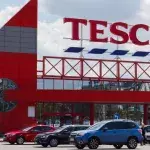 Tesco to offer free meals this October: Find out if you qualify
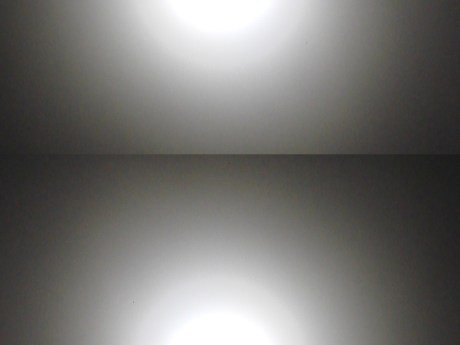 Reflection_LieselleMcMahon_2014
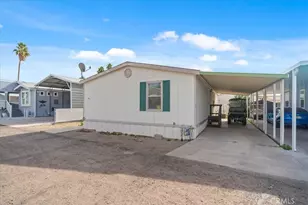 110 Marina Dr, Needles, CA 92363 - Photo 3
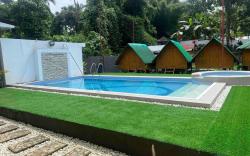 Serene Farmhouse Retreat in Alfonso, Cavite - Perfect for Family Getaways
● ● ● ● ● ● ●
**What the task asks**: Write the data above out exactly. Leave out any pictures.

**Task solution**:
 Tesco to offer free meals this October: Find out if you qualify
 Reflection_LieselleMcMahon_2014
 110 Marina Dr, Needles, CA 92363 - Photo 3
 Serene Farmhouse Retreat in Alfonso, Cavite - Perfect for Family Getaways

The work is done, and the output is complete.